Monday, December 24, 2012

Some thoughts on Christmas

I haven't written on this thing in over a month. I try to make it an, at least, once a month venture but I've  had major writers block lately and haven't been able to do write ANYTHING including the stuff I need to for school. But I figure I have a few thoughts so I might as well attempt to get them out in some way.

It's Christmas time. We all survived the end of the world (again) and now in 15 1/2 hours it will officially be Christmas. And yet it seems like the "Spirit of Christmas" has been almost lost amongst everyone this season. It doesn't feel like Christmas really at all. I know its December 24th but it just feels like another day out of the year. I know I am not the only person who feels this way. It is hard to feel like it's a joyous time when every time I turn on the television or get on Facebook there is news of another tragedy and another family that has lost a loved one to soon. This is a time for us to celebrate the birth of our Savior yet death has overshadowed such a beautiful time of the year and the dark is trying desperately to cover the light.

This time of year has been hard for the last 3 years. It's the 3rd Christmas that everything is wrong. I had never had to deal with the hurt and heartache that the holidays bring to some people most of my life. I was lucky that I had, what I thought was, a pretty solid home. When people would talk about how the holidays were not the best time of year for them I didn't understand because I had never known of any pain to be associated with them. But now I understand and once again I am in the position of feeling like a naive child hoping that I will wake up tomorrow morning to a family that is no longer broken. But I'm an adult which means I have to deal with this situation in an adult way. I have to pick myself up and go on with my days with the reality that that is not going to happen, as least not this year. But I still have a glimmer of hope. When my parents start talking in the car on the way home from Gram's and they are laughing and joking it feels like I'm a kid again. But I can't let that get my hopes up to much, there is to much that can go wrong for just that moment to make me feel happy. But, I'm not going to hold onto it very firmly because I know that would be stupid of me.

So on the eve of what is supposed to be a joyous day I have a heavy heart.
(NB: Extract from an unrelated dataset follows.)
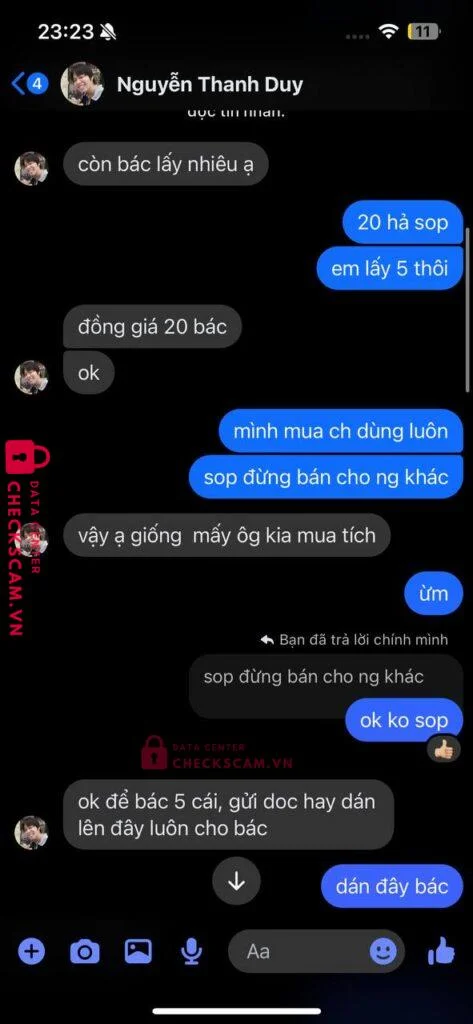 1234432169 NGUYEN THANH DUY Techcombank bị cảnh báo lừa đảo scam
Not only for what is going on in my family but for every person who is dealing with pain and loss this holiday season. I pray that we find peace in whatever it is we are dealing with and that the pain will not overshadow the true meaning of Christmas.
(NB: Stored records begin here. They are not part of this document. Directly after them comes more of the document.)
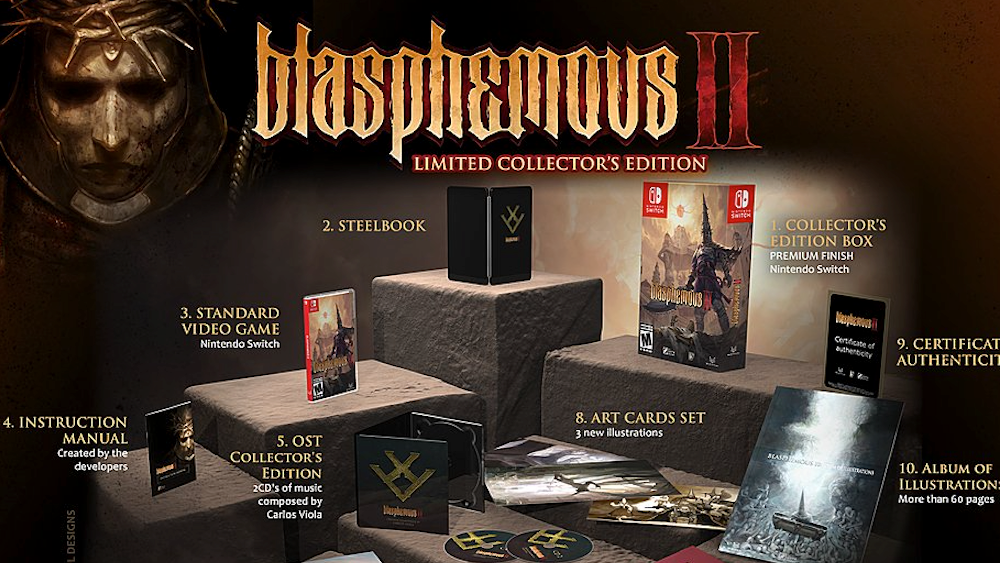 La nueva edición limitada de coleccionista de Blasphemous 2 obtiene un buen descuento para PS5 en Amazon
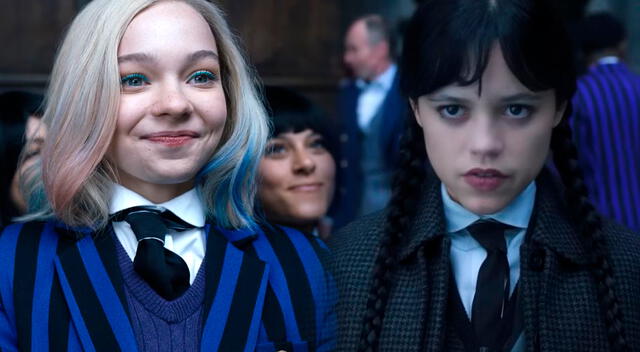 Emma Myers y Jenna Ortega dan vida a sus mismos personajes de la temporada 1. Foto: Netflix.   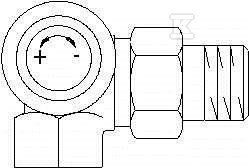 ZAWÓR TERMOST.AV9 DN15 NAROŻNY LEWY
The birth of a Savior. How wonderful is that? What a beautiful thing that is! There was a man born, the Son of God, and he was sent to rescue us all. And tomorrow we celebrate that day by being with family and praising the wonderful Heavenly Father for all he has done for us.
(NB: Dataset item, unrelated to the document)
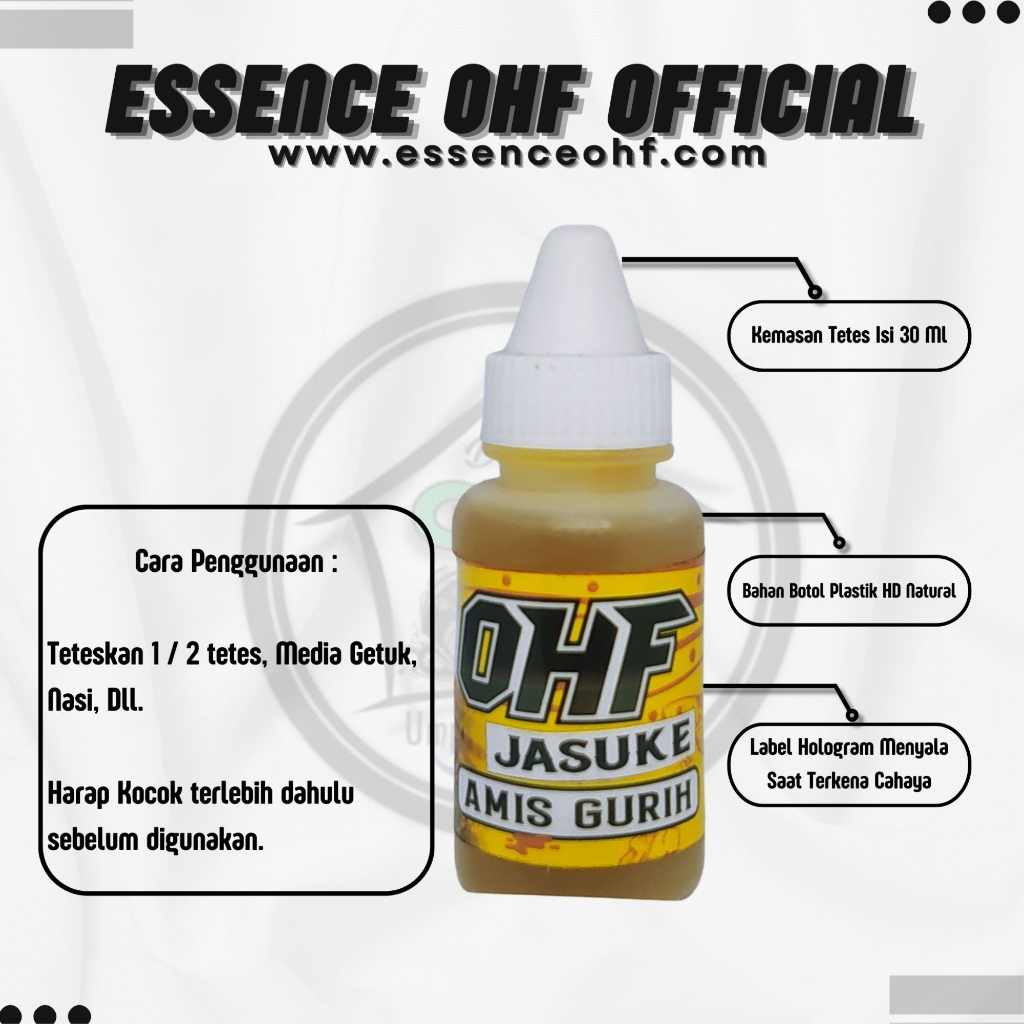 ESSENCE JASUKE AMIS GURIH ESENCE OHF UMPAN MANCING IKAN MAS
I hope your Christmas Eve and day are filled with joy and hope and not pain and suffering. I hope that for at least one day all the hurt can stop and that we can all be peaceful to one another. I pray that for one day we can celebrate a wonderful occasion and that when I turn on my computer or the TV that it won't be rattled with stories of hate. But instead stories of hope and peace. I know it's a lot to ask but that is my prayer.

Have a wonderful holiday and please remember why we celebrate it. It's not to get presents or eat more food than the human body should ever consume. It's about Jesus. It always has been and always will be. Remember that.